Lana, lino, esparto, cáñamo, pieles y cuero de destinaban a la realización de prendas, adornos y variados tipos de recipientes. El atuendo masculino se componía de una túnica corta, sujeta con cinturón, y de un pantalón o bracae. Encima, como ropa de invierno para protegerse de los fríos de Gredos, se cubrían con el sagum o capa con capucha, pieza gruesa de lana oscura o negra, prendida por fábulas de bronce o hierro. El atuendo femenino, además del sagum, constaba de una túnica larga con mangas, cubriéndose la cabeza con un tocado o mantilla.


Cuando fallecían los vettones inicialmente inhumaban a sus muertos en túmulos, es decir los depositaban en tierra y los cubrían con montones de piedra; en una época posterior, los incineraron. Nunca se dio entre ellos el enterramiento en fosa, y menos aún, en sepulcro excavado en la roca.

Los cementerios vettones constituyen una fuente esencial de información. La cremación de los cuerpos era el ritual característico y se llevaba acabo quemando en una pira el cadáver vestido con sus mejores galas, armas y adornos. Las cenizas y demás restos eran recogidos y depositados en una vasija de barro y llevados al cementerio.

Característico de los cementerios vettones es su localización frente a las puertas de los poblados, no más de 300 metros de distancia y su proximidad a las corrientes de agua. La erección de pequeños túmulos encima de los restos incinerados, como una especie de hito bien visible, sugiere, tal vez, que el muerto debía ser recordado por las generaciones venideras.

Aunque el rito de la incineración fue el más extendido entre los pueblos prerromanos en la Meseta, existen evidencias que determinan que no fue el único utilizado. Me refiero sobre todo a la exposición de los cadáveres para que fuesen devorados por los buitres, pues existía la creencia de que si se moría en combate noble y valiente, al ser devorados por los buitres serian retornados al cielo, junto a los dioses de lo alto. Mientras que siguiendo la misma lógica, a los enemigos vencidos se les corta la cabeza, residencia del alma, para que no puedan ascender a los cielos.

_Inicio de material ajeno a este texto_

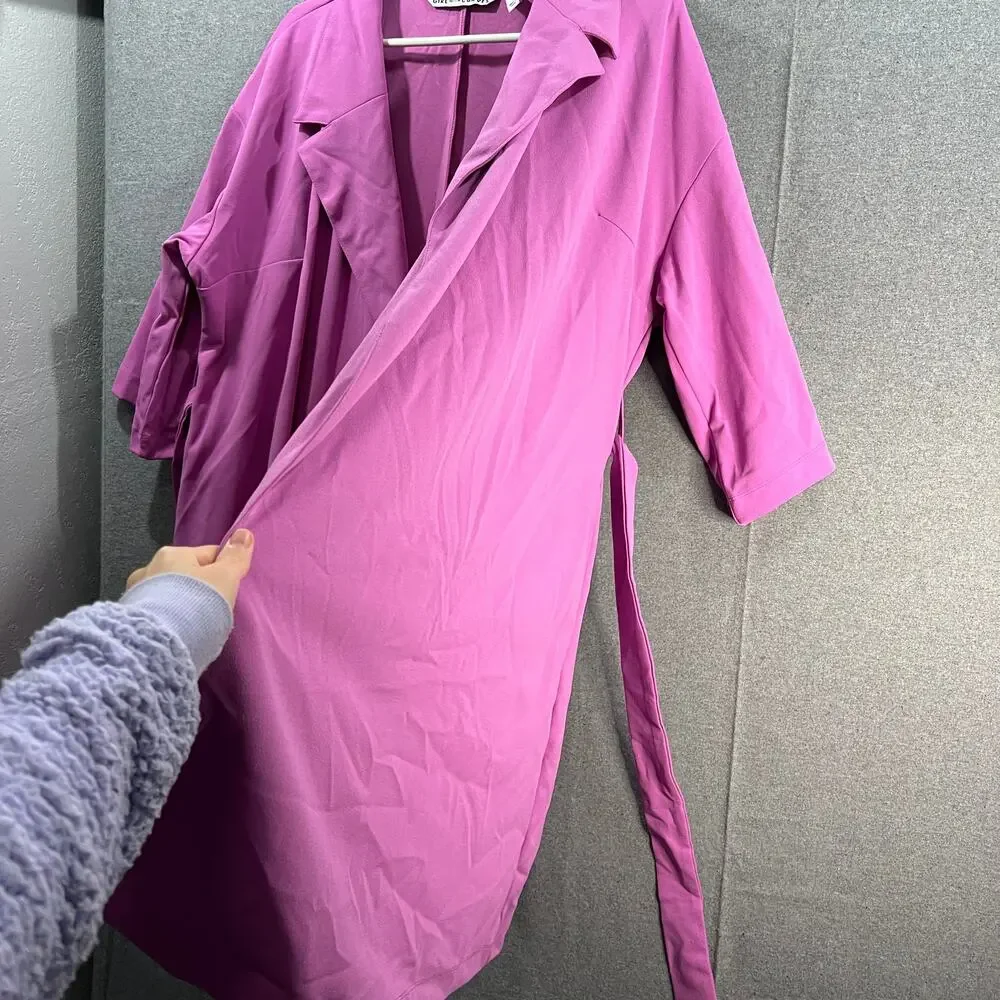 Girl With Curves Petite 3/4Sleeve Wrap Coat with Tie Wa Radiant Orchid Petite 1X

La costumbre de comer en círculo en torno a un recipiente y por riguroso orden, dando el primer asiento a la edad y al honor, ha sido característico de los pueblos del interior peninsular. Parece obvio que estas comunidades tenían una fuerte jerarquización interna y que los líderes verían reforzado su poder en función del apoyo social a sus propuestas.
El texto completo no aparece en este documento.